Es éste un mundo esquemáticamente chimpancé en el que la vida tiene escaso valor, en el que se ataca a las mujeres y a los débiles sin la menor conmiseración. Este mundo y esa lógica son un derivado de la noción patriarcal de la propiedad privada y un resabio de la supremacía del macho alfa. ¿Es así la humanidad? No. Es así el orden mundial que impera, regido por el rictus tanático de la indiferencia. Pero ese impulso, que ha aplastado de diversas maneras a pueblos enteros bajo distintas ideologías a lo largo de la historia, siempre fue resistido por quienes no solamente no soportan el destino que algunas elites determinan para ellos, sino por otros a los que la conciencia del sufrimiento ajeno les resulta insoportable.
En ese primer impulso hacia el otro, del que habló el Papa en Cuba y De Waal en su libro, en esa alquimia de identificación o de rechazo, anida lo que mucho más tarde se convertirá en ideología o creencia. Es algo más primario, más básico que una idea: es una actitud física, espiritual pero eminentemente física, porque hace contacto con el cuerpo del otro, y porque el semejante no es una abstracción sino una encarnación.
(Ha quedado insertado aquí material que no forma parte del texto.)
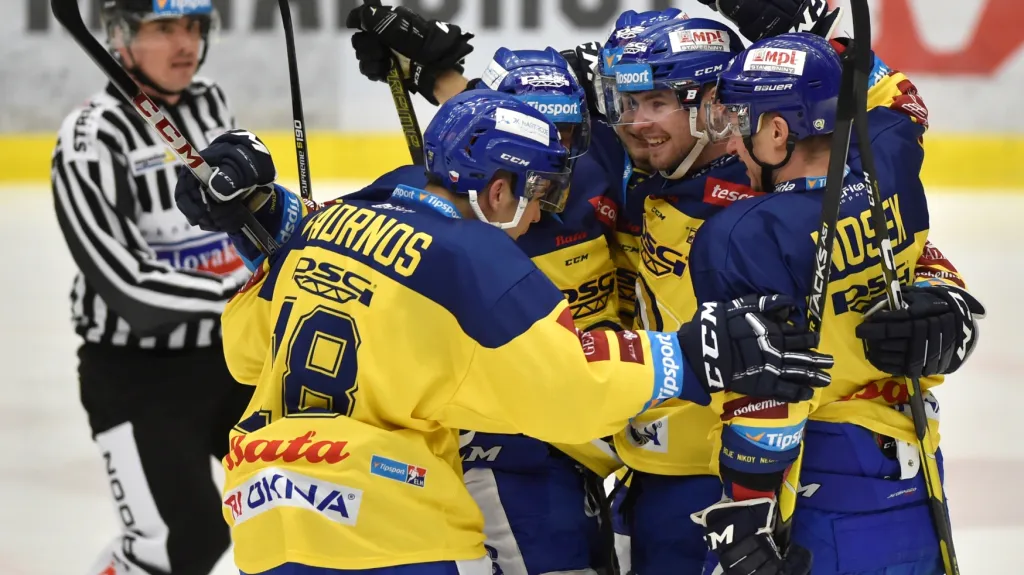 Radost hokejistů Zlína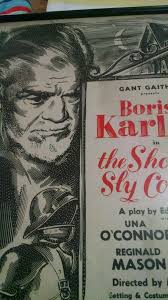 Exrtemely Rare Boris Karloff Broadway Play Poster 1949 "The Shop at Sly  Corner!! | #1795767497
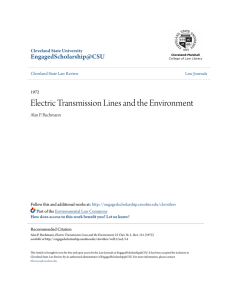 Electric Transmission Lines and the Environment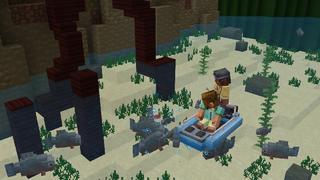 Screenshot of the Minecraft Bedrock Marketplace product Aquatic Life created by Cyclone.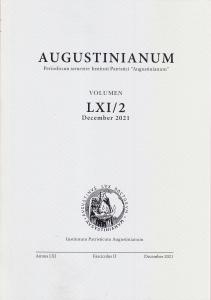 Augustinianum Annus LXI, Fasciculus I, Iunius 2021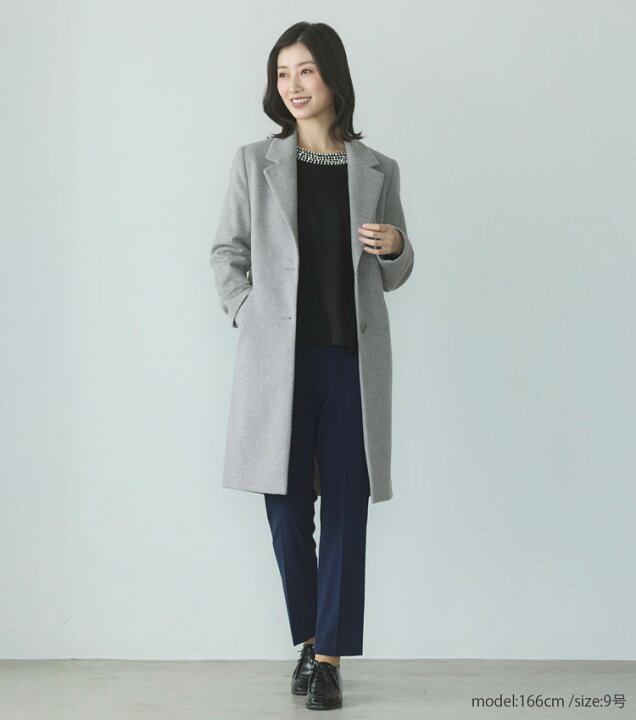 楽天市場】【最大10%offクーポン】Filomo チェスターコート レディース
El mundo está descontrolado, y este país ni hablar. Estamos experimentando la suma del poder en manos de personas que en su faz más primaria han aprendido a prescindir, a despreciar, a vulnerar a los otros, a convertirlos en planillas o en porcentajes. Es tan profundo el pozo de dolor que se abre bajo nuestros pies, que lo que chilla en nuestros interiores también es prepolítico: probablemente la indignación nos viene de una necesidad tan ancestral y profunda como la de la dominación, pero que es su reverso. Es un aspecto replegado pero vivo de lo que somos, de cómo somos, de lo que creemos que es justo, de lo que necesitamos reparar para dormir tranquilos.